Soto Kudus Pak DenuhSoto, sroto, atau coto adalah makanan khas Indonesia yang terbuat dari kaldu daging dan sayuran. Daging yang paling sering digunakan adalah sapi dan ayam, meskipun ada juga yang menggunakan daging kambing dan kerbau. Berbagai daerah di Indonesia memiliki jenis soto khas masing-masing, dengan kandungan yang berbeda-beda, misalnya Soto Kudus, Soto Kediri, Soto Madura, Soto Betawi, Soto Padang, Soto Bandung, Soto Sokaraja, Soto Banjar, Coto Makassar dan masih banyak lainnya. Cara penyajiannya sendiri juga berbeda-beda menurut daerahnya. Seperti misalnya, Soto Betawi dan Soto Padang disajikan secara terpisah dengan nasinya, sedangkan Soto Kudus disajikan campur dengan nasi. Beda lagi dengan Coto Makasar yang dihidangkan dengan lontong atau nasi yang sudah dimasak dengan dibungkus daun pisang, atau Soto Mie Bogor yang memakai mie dan bukan nasi sebagai menu pokoknya.

Kudus, salah satu kota di Jawa Tengah yang juga dikenal dengan sebutan Kota Santri, pun memiliki makanan khas soto yang dikenal dengan sebutan Soto Kudus. Soto Kudus yang asli hanya memakai dua macam daging, yaitu ayam dan kerbau. Berbeda dengan soto-soto lainnya, Soto Kudus cenderung berasa manis dan sedikit lebih encer. Banyak ditemukan di kota-kota besar pada umumnya, menjajakan Soto Kudus tapi dengan memakai daging sapi. Padahal di Kudus sendiri pemakaian daging sapi sebagai bahan baku soto sangatlah dihindari, karena adanya kepercayaan daerah secara turun-menurun yang melarang penyembelihan sapi. Dahulu kala, Kudus merupakan salah satu basis penyebaran agama Hindu. Sebagaimana diketahui bahwa pemeluk agama Hindu mengganggap sapi sebagai binatang suci yang tak boleh disembelih. Ketika Islam sampai di Kota Kudus dengan perantara As Syaikh Ja'far Shodiq Sunan Kudus, beliau pun menghimbau pengikut untuk tidak menyembelih sapi meskipun halal. Sehingga sampai sekarang pun daging sapi jarang di jumpai di pasar-pasar tradisional di Kudus. Sebagai gantinya orang Kudus lebih familiar dengan daging kerbau atau ayam.

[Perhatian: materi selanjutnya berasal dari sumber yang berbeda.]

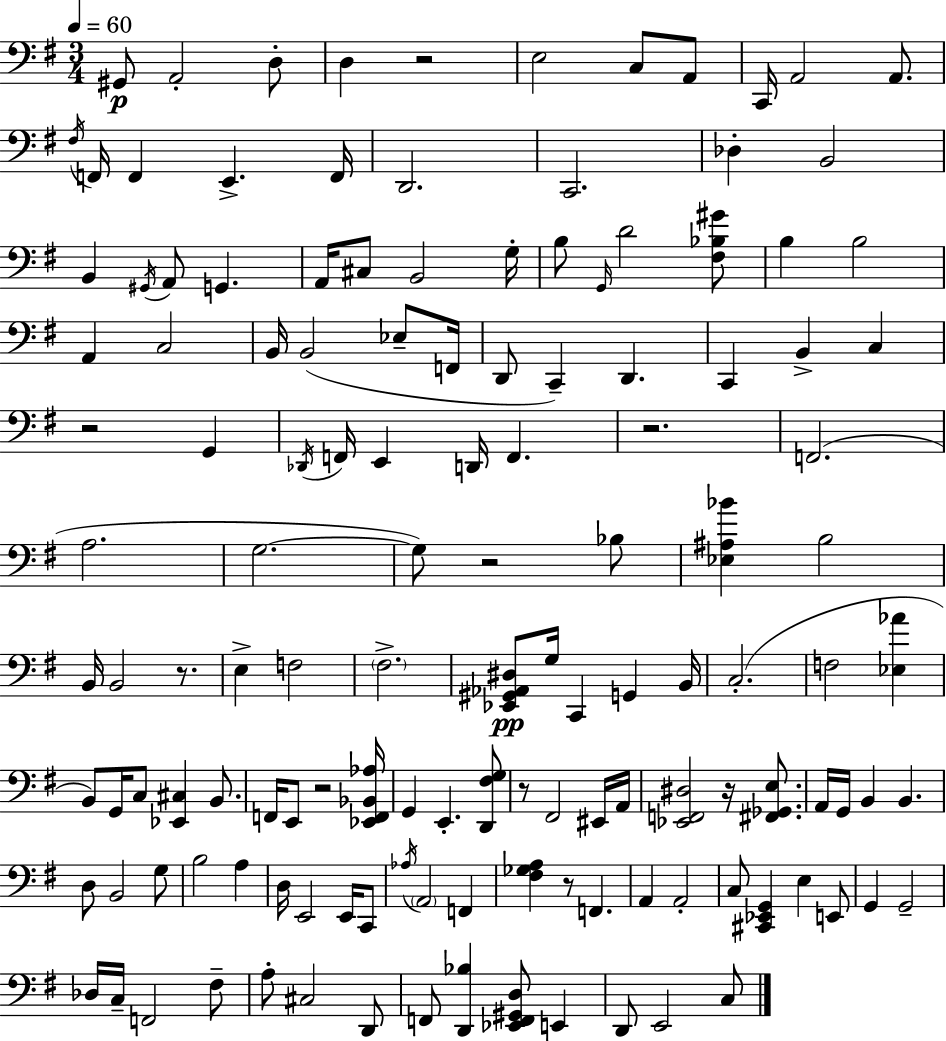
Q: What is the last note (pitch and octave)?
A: C3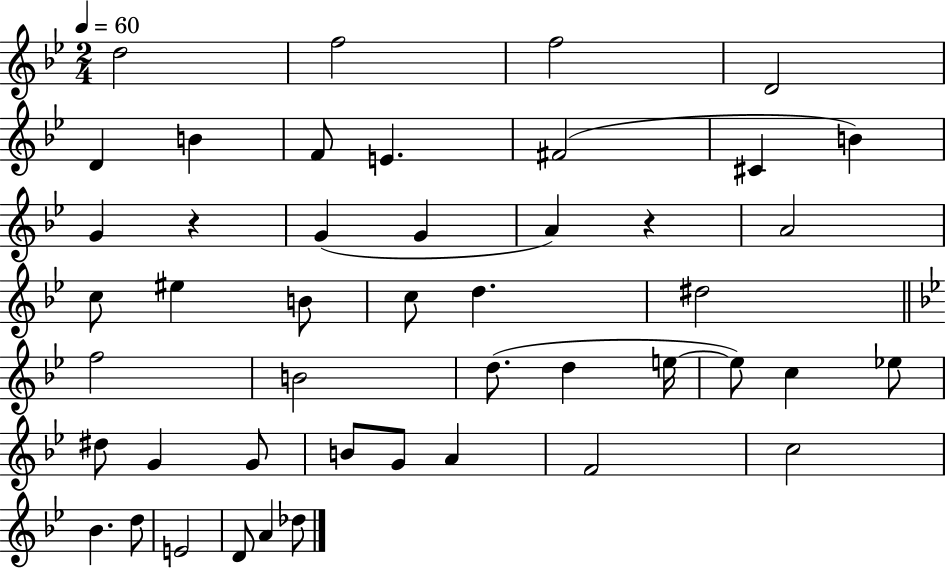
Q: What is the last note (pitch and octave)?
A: Db5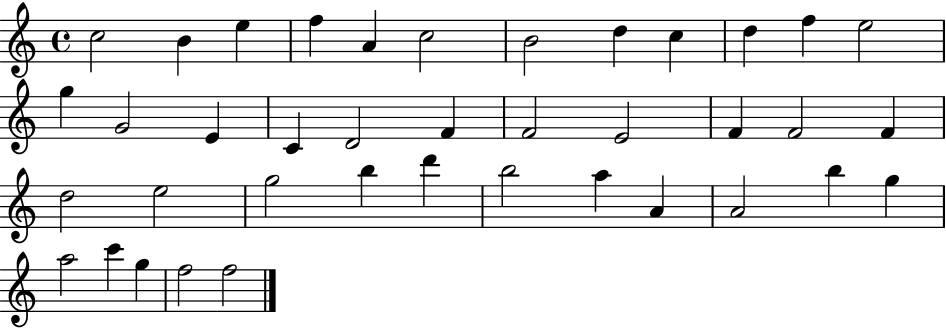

Salah satu warung makan di Kudus yang terkenal akan sotonya adalah 'Soto Kudus Pak Denuh'. Usaha soto yang diawali dengan berdagang keliling ini berpusat di Jl. AKBP Agil Kusumadya dengan cabangnya di Taman Bojana Kios No. 55, 56, 57 dan Terminal Bus Kudus Kios No. 6. Bahan baku yang dipakai pada Soto Kudus Pak Denuh ini menggunakan daging ayam. Warung makannya sendiri buka dari pukul 07.00 hingga 22.00. Dikarenakan Pak Denuh sudah meninggal, sekarang ini semua warung makan tersebut dikelola oleh keturunannya. Walaupun begitu cita rasa sotonya masih benar-benar terjaga agar tidak berubah dari waktu ke waktu. Tidak heran Soto Kudus Pak Denuh ini sampai masuk di acara Wisata Kuliner-nya Pak Bondan.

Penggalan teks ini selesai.